Andrew Bailey: Our banks are sound – we’ll keep hiking if inflation persists
The Bank of England will be forced to jack up interest rates again if incoming data shows inflation is not falling fast enough in response to the central bank’s eleven straight rate rises, Governor Andrew Bailey said today.
Further pain will be needed to be borne by families and businesses if price pressures keep pinning down the UK economy, Bailey, 63, said at a speech hosted by the London School of Economics.
After last week’s 25 basis point rise to 4.25 per cent – a post-financial crisis high – economists had roundly interpreted the rise as the Bank’s last in its aggressive tightening cycle.
However, Bailey signalled the Bank is still “very alert to any signs of persistent inflationary pressures”.
“If they become evident, further monetary tightening would be required,” he cautioned.
The Governor said that any future rate rises “will be firmly anchored in the emerging evidence”, hinting the Bank will react to higher than expected inflation figures.

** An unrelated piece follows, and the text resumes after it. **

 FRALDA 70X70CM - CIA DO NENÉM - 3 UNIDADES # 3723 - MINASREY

Inflation raced to 10.4 per cent last month, above the City and Threadneedle Street’s expectations and marked the first rise in inflation in several months.
While experts reckon the rate of price increases is on course to drop sharply this year, likely to somewhere around the Bank’s two per cent target by Christmas, there are signs underlying price pressure are hanging around.

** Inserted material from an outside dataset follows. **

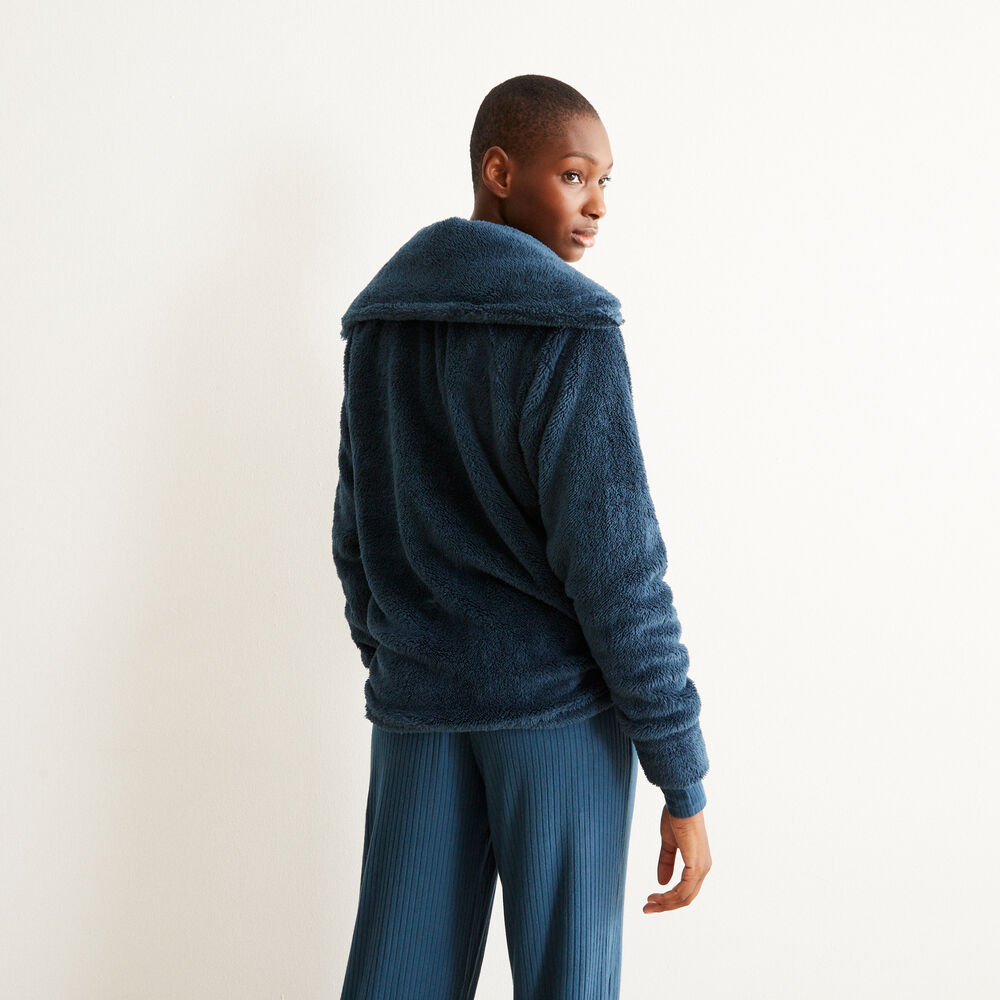 Veste polaire zippée - bleu bleu.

Interest rates have risen rapidly to tame inflation
Core inflation – a more accurate measure of domestic price dynamics that strips out food and energy products – kicked higher to 6.2 per cent last month.
Core services inflation, the measure that has drawn the MPC’s closest attention of late, actually came in lower than the Bank expected last month, although that didn’t prevent rate setters from raising borrowing costs again last week.
Bailey said a combination of supply chains gumming up after countries emerged from Covid-19 curbs and Russia’s invasion of Ukraine propelling international energy prices has made the UK poorer.
“I am afraid that monetary policy cannot make the shocks to our national real income go away,” he said.
“But what monetary policy can – and must – do is to make sure that the inflation that has come to us from abroad does not become lasting inflation generated at home,” the former Financial Conduct Authority chief added.
Markets have trimmed their peak rate expectations for the Bank and the US Federal Reserve in recent weeks, betting monetary authorities are weary of piling more pressure on the global banking system after Credit Suisse and Silicon Valley Bank’s failure.
“We believe the UK banking system is resilient, with robust capital and liquidity positions, and well placed to support the economy,” Bailey said.
German banking giant Deutsche Bank regained some of last Friday’s sharp losses today, finishing up around six per cent.
London listed banks also notched decent days, helping the FTSE 100 index to a 0.9 per cent gain.